* _WORK ITEM_
Please set down exactly the lines from the one containing "dudarubert onlyfans" through the last line of the records below, both included, with no pictures.

(Scraped caption text data)
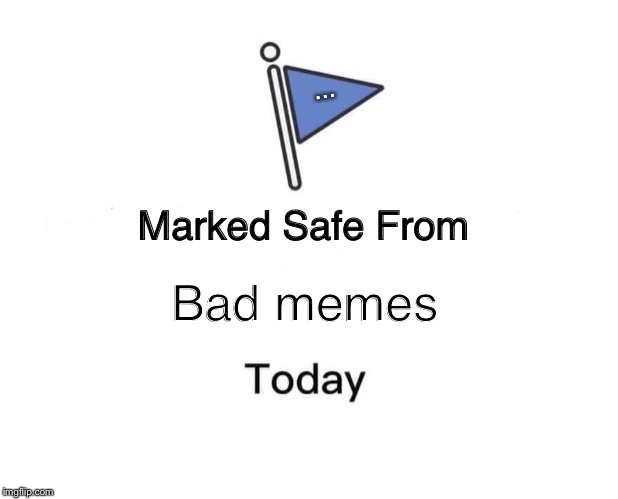 Marked Safe From Meme | ... Bad memes | image tagged in memes,marked safe from | made w/ Imgflip meme maker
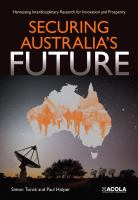 Securing Australia's future : harnessing interdisciplinary research for innovation and prosperity /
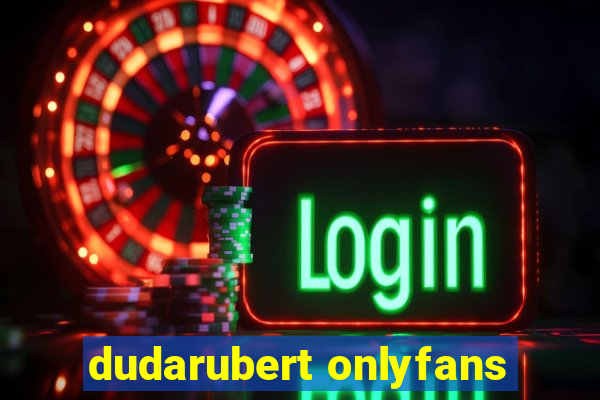 dudarubert onlyfans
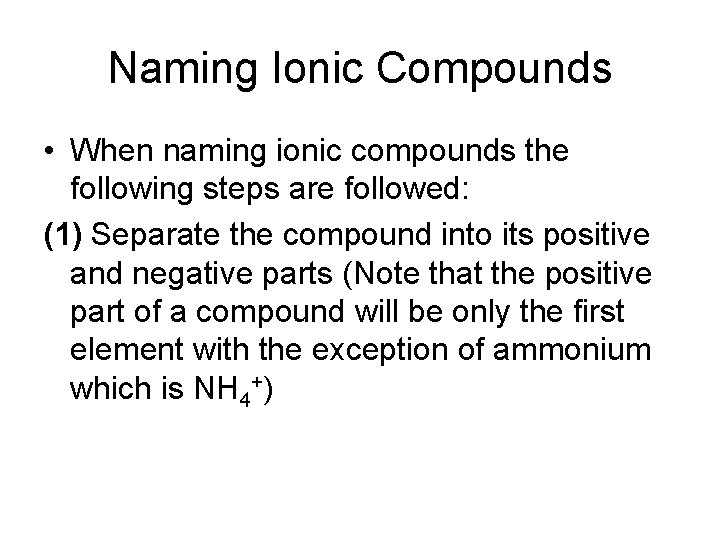 Naming Ionic Compounds • When naming ionic compounds the following steps are followed: (1)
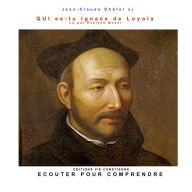 Qui es-tu Ignace de Loyola ?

* _REPLY TO THE EXERCISE_
 dudarubert onlyfans
 Naming Ionic Compounds • When naming ionic compounds the following steps are followed: (1)
 Qui es-tu Ignace de Loyola ?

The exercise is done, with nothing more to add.